A Slight Digression On My Own Experience Starting a Rock Band

Before the end of seventh grade, Kurt Cobain was dead from suicide. It was announced one morning as we sat in homeroom watching Channel One news where Anderson Cooper got his start in journalism.

A month ago, I queued up a post about buying my daughter her first guitar. My daughter is seven years old and in second grade, yet she’s already on her second rock band. I’m still planning to post that piece, so stay tuned. Tonight, I want to share with you a slight digression on my own experience starting a rock band and the accompanying stage fright.

Music has always been an integral part of my life. It goes back as far as I can remember, serving as a soundtrack to my existence from the time I was in kindergarten at Phenix Elementary School. As clear as day, I remember at age four years old pumping myself up to swing higher on the swingset by placing a Bruce Springsteen song in my head (“Born to Run”) as motivation against gravity.

Summers at Phenix pool were no different. Prince, Phil Collins, Firehouse, Eddie Money. We all remember the names and the songs they sang. I used the anthems of these artists to hit the wiffle ball harder or round the bases faster outside the fenced area when it was my time to bat.

One evening, shortly after the start of seventh grade, while riding in the backseat of my mom’s car leaving River Ridge Mall in Lynchburg, Virginia, my cousin Gary handed me his headphones and told me to listen. It was Nirvana’s In Utero album. I’d never heard anything like it.

Before the end of seventh grade, Kurt Cobain was dead from suicide. It was announced one morning as we sat in homeroom watching Channel One news where Anderson Cooper got his start in journalism.
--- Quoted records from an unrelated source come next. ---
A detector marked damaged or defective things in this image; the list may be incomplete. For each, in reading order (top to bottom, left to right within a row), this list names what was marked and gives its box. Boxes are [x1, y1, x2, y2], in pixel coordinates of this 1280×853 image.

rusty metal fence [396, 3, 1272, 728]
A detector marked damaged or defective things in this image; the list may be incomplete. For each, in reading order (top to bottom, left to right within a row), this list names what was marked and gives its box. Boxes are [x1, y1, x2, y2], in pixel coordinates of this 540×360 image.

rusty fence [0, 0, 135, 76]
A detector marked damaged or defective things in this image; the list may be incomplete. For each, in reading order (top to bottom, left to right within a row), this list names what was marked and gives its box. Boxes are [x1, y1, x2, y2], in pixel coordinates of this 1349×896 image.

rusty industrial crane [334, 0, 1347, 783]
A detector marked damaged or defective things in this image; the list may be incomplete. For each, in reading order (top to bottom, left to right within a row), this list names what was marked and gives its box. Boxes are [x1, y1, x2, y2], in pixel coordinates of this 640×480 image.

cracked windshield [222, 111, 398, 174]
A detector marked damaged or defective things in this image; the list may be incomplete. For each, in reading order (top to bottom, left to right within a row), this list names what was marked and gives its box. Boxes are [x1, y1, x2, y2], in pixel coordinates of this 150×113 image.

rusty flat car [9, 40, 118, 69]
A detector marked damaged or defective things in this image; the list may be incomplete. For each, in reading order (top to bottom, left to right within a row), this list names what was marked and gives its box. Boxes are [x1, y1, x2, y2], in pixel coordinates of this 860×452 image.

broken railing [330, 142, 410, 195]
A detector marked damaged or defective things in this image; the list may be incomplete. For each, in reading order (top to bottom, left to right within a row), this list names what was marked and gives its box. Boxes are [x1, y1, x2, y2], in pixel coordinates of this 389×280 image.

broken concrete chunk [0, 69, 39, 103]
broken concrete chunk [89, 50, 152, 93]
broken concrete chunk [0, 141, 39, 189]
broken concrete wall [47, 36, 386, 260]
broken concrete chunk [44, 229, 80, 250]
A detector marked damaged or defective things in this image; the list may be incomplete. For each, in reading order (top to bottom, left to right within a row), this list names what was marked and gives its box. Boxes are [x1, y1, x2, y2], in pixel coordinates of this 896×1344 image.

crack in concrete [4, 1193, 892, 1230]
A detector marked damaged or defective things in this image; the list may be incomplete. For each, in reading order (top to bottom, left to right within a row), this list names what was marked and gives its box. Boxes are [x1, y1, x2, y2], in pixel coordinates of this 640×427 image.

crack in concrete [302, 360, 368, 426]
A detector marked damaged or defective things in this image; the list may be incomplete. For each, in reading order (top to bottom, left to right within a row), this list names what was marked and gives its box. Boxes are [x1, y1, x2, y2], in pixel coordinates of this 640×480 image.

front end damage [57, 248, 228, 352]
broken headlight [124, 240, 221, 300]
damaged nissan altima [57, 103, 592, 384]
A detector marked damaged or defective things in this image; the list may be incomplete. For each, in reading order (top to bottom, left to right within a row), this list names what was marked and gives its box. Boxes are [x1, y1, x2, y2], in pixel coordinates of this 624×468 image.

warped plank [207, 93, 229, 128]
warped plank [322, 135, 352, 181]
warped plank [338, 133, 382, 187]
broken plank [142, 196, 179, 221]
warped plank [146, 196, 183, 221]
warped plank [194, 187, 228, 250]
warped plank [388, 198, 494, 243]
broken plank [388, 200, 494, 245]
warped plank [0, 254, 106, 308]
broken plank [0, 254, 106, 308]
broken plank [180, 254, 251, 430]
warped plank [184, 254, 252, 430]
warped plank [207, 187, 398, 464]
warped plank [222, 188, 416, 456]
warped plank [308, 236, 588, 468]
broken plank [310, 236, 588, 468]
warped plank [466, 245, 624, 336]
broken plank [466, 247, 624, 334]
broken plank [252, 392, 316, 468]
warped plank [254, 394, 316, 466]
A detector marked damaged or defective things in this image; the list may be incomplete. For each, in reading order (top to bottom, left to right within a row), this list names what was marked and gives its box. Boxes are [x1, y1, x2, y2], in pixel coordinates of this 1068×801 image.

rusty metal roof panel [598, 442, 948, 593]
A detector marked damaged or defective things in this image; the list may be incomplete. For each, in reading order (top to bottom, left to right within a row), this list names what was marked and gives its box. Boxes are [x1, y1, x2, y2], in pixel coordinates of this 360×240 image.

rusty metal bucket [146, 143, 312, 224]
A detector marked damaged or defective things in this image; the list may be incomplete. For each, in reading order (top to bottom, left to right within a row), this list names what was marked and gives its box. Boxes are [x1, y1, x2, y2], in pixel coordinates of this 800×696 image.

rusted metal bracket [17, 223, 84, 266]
By the time eighth grade hit, I was introduced to Weezer, Green Day, the Offspring, Rancid, and others. When a new music station’s radio waves entered the area (104.7 The Buzz) that summer prior to the start of ninth grade, I was hooked. It was no longer just about listening, it was about making. I wanted in.

So did my friends Joshua Holt, Dwayne Davis, John Howard, and Derek Smith. And for roughly two years, non-stop, we talked about starting a rock band. Then, we finally did.

I was originally the lead singer of Anti-Lou. Granted, we weren’t called Anti-Lou then. We had no name. But I was too scared to sing when I stepped up to the mic.

I can’t sit here and say I’m an Eminem fan, but I can tell you the lyrics in “Lose Yourself” are spot on:

His palms are sweaty, knees weak, arms are heavy . . .
He’s nervous, but on the surface he looks calm and ready
To drop bombs, but he keeps on forgetting
What he wrote down, the whole crowd goes so loud
He opens his mouth, but the words won’t come out

I remember the feeling of vocal paralysis like it was yesterday. My friends and I were at CI and Sharon Hall’s practicing in their garage out back in Drakes Branch. CI and Sharon had a full set-up, including a PA system and were kind enough to let us youngsters use it at the start of our rock dreams.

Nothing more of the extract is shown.